#### DATA EXTRACTS ####

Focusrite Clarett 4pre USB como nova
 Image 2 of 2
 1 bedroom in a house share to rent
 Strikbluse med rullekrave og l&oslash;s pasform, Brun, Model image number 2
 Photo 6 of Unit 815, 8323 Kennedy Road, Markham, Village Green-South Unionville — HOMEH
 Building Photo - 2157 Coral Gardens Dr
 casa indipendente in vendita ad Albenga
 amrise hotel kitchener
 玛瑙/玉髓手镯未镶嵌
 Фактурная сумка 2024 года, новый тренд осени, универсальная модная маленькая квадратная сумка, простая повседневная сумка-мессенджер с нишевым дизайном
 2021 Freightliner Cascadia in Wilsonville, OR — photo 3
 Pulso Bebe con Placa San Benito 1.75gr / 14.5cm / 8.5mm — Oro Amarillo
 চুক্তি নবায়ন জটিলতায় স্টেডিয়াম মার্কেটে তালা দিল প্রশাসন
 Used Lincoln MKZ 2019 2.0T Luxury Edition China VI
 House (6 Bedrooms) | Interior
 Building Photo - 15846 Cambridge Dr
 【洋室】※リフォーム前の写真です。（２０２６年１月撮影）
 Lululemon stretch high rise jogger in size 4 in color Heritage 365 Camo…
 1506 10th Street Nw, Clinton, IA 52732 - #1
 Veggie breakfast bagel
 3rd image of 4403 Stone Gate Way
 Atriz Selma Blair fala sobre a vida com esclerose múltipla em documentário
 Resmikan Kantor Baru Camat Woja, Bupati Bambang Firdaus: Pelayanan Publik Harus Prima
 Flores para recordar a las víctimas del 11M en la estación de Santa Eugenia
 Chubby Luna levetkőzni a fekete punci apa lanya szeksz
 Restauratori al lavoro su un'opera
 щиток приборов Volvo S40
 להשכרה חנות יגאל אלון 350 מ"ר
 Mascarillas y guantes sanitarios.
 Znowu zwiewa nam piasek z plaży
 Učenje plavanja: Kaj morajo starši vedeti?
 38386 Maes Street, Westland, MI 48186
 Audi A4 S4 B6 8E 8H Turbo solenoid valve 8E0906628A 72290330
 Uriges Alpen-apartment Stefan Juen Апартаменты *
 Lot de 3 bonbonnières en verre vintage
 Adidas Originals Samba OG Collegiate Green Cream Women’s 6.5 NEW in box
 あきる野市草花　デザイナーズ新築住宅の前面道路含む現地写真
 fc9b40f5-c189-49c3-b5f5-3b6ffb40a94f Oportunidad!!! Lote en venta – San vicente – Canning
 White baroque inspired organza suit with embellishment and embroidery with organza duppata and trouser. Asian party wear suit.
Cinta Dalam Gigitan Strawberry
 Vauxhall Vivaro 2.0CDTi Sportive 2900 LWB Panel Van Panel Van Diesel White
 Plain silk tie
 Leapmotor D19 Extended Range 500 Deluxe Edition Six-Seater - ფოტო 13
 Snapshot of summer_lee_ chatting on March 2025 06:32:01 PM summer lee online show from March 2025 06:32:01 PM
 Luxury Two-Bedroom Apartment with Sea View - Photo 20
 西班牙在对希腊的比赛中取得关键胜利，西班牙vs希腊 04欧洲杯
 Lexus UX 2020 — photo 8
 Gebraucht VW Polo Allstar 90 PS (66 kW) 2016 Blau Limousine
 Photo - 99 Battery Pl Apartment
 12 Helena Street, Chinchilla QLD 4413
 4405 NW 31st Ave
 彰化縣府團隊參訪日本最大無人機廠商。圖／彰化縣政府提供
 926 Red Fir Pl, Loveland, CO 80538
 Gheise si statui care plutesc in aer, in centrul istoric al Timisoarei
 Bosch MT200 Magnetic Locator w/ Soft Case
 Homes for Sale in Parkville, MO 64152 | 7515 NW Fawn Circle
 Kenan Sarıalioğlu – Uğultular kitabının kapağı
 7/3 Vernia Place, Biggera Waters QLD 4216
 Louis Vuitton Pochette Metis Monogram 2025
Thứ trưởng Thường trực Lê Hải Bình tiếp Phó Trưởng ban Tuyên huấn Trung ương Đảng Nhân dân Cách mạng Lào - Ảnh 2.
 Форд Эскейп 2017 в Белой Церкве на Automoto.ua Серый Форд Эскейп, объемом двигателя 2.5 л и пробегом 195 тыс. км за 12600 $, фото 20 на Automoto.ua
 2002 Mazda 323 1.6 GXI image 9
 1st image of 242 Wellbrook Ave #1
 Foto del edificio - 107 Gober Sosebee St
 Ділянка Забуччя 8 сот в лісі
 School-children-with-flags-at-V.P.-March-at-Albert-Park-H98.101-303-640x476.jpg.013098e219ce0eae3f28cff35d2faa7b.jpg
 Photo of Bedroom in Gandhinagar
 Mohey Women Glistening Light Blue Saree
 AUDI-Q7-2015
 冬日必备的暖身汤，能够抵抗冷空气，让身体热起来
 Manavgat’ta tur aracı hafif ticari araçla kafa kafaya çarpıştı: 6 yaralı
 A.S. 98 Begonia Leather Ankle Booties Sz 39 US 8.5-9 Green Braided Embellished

####

• **EXERCISE INSTRUCTIONS**
Both the first line of the data above and the line with "Flores para recordar" must be included; please return exactly those lines and the ones between them.

• **SOLUTION TO THE PROBLEM**
Focusrite Clarett 4pre USB como nova
 Image 2 of 2
 1 bedroom in a house share to rent
 Strikbluse med rullekrave og l&oslash;s pasform, Brun, Model image number 2
 Photo 6 of Unit 815, 8323 Kennedy Road, Markham, Village Green-South Unionville — HOMEH
 Building Photo - 2157 Coral Gardens Dr
 casa indipendente in vendita ad Albenga
 amrise hotel kitchener
 玛瑙/玉髓手镯未镶嵌
 Фактурная сумка 2024 года, новый тренд осени, универсальная модная маленькая квадратная сумка, простая повседневная сумка-мессенджер с нишевым дизайном
 2021 Freightliner Cascadia in Wilsonville, OR — photo 3
 Pulso Bebe con Placa San Benito 1.75gr / 14.5cm / 8.5mm — Oro Amarillo
 চুক্তি নবায়ন জটিলতায় স্টেডিয়াম মার্কেটে তালা দিল প্রশাসন
 Used Lincoln MKZ 2019 2.0T Luxury Edition China VI
 House (6 Bedrooms) | Interior
 Building Photo - 15846 Cambridge Dr
 【洋室】※リフォーム前の写真です。（２０２６年１月撮影）
 Lululemon stretch high rise jogger in size 4 in color Heritage 365 Camo…
 1506 10th Street Nw, Clinton, IA 52732 - #1
 Veggie breakfast bagel
 3rd image of 4403 Stone Gate Way
 Atriz Selma Blair fala sobre a vida com esclerose múltipla em documentário
 Resmikan Kantor Baru Camat Woja, Bupati Bambang Firdaus: Pelayanan Publik Harus Prima
 Flores para recordar a las víctimas del 11M en la estación de Santa Eugenia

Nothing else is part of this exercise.